International sales of approximately $5.2 million and $9.5 million accounted for
approximately 48% and 44% of the Company's total revenue for the first quarter
of 1998 and 1997, respectively. The dollar decrease in the first quarter of 1998
is attributable to the same factors that resulted in the decrease in total
product revenue described above under "-- Product Revenue."

     The Company prices, invoices and collects international sales primarily in
United States dollars. To date, currency fluctuations have not had a material
effect on the Company's results of operations and financial condition.

     FACTORS AFFECTING REVENUE. The Company has experienced a decrease in sales
volumes since 1995 and a decrease in sales prices during various periods since
1995, which decreases the Company believes are primarily attributable to
increased competition, particularly the increase during 1997 in competition in
the networking applications software market, as well as to technological changes
in the market. Looking forward, the Company anticipates that some or all of
these trends will continue, and believes that the Company's future is
substantially dependent on the ability of the Company (i) to create greater
focus on specific product opportunities and customer needs within the Company's
product categories, (ii) to formulate and implement its sales and distribution
strategies to most effectively take advantage of strategic opportunities in its
various product categories, (iii) to successfully develop new product strategies
and to timely release new products and product enhancements, (iv) to take
advantage of the emerging web-based networking applications software market and
the continued development of such market and (v) to enter into and implement
strategic alliances and OEM relationships to develop necessary products or
technologies, to expand the Company's distribution channels or to jointly market
or gain market awareness for the Company's products. If the Company is
unsuccessful in any such regard, or if the web-based networking applications
software market does not develop as anticipated by the Company, the Company
believes that the trends described above will continue to have a material
adverse effect on the Company's business, results of operations and financial
condition. Even if the Company is successful in implementing new product
strategies, there can be no assurance that it will result in a material
improvement in the Company's business, results of operations or financial
condition.

     The number of the Company's employees decreased significantly during 1997
and the first quarter of 1998, both prior to and following the Company's 1997
restructurings, as a result both of the restructurings and significant
competition for qualified personnel in the industry.
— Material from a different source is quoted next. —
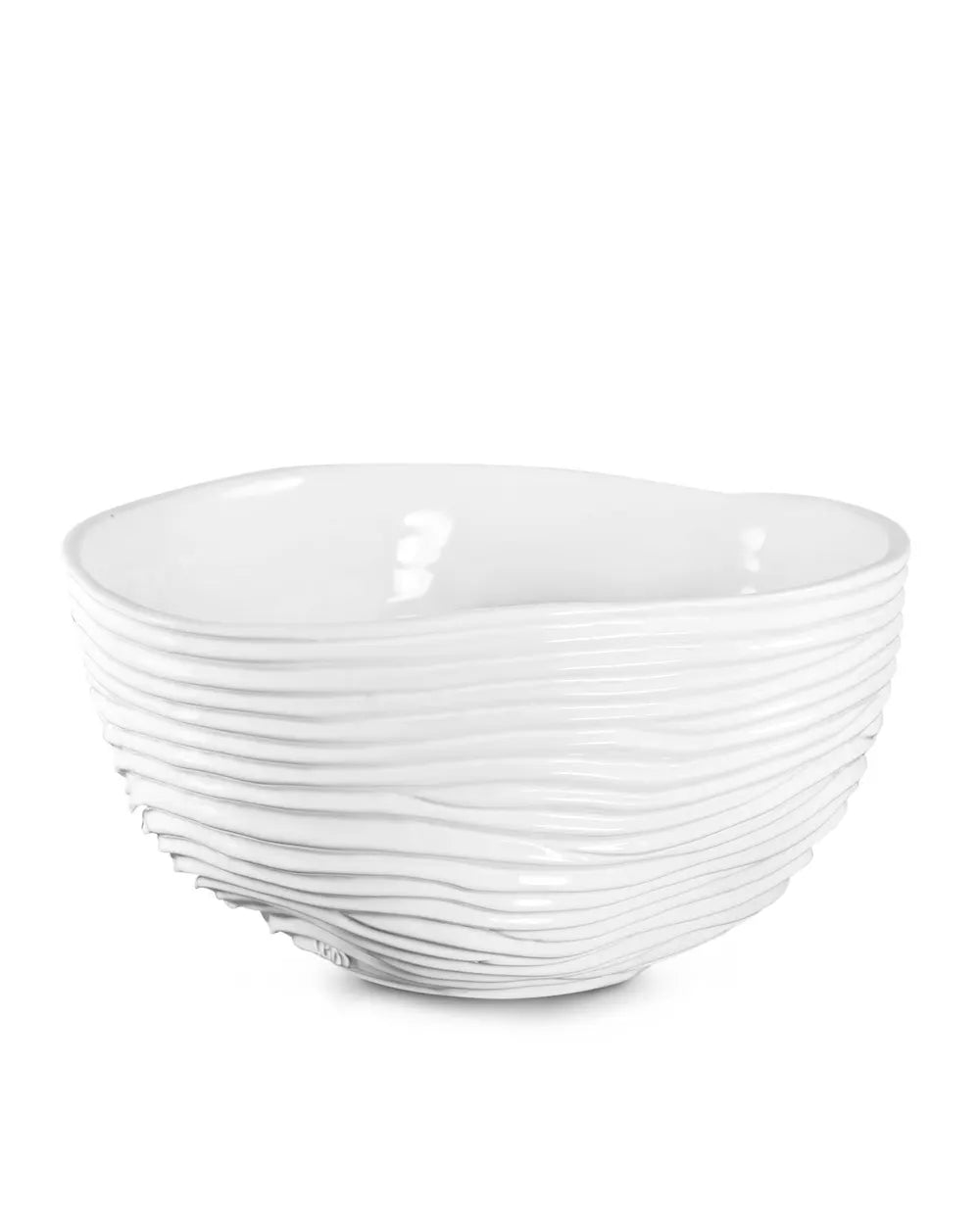 White ceramic bowl with wavy design on a white background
The Company believes that
this decrease, which resulted in significant turnover in the Company's U.S.
sales force, contributed to the decline in revenue for the first quarter of
1998. In connection with the 1997 restructurings, the Company reduced its
workforce by approximately 320 employees in total. The Company has experienced
additional attrition during late 1997 and the first quarter of 1998. As a result
of the Company's December 1997 restructuring, which included a workforce
reduction involving approximately 21 employees, and attrition experienced in the
first quarter of 1998, the number of the Company's employees has decreased from
approximately 350 at December 31, 1997 to approximately 280 at March 31, 1998.
The Company's ability to maintain or increase revenue will depend in part on its
ability to retain, hire and train qualified personnel.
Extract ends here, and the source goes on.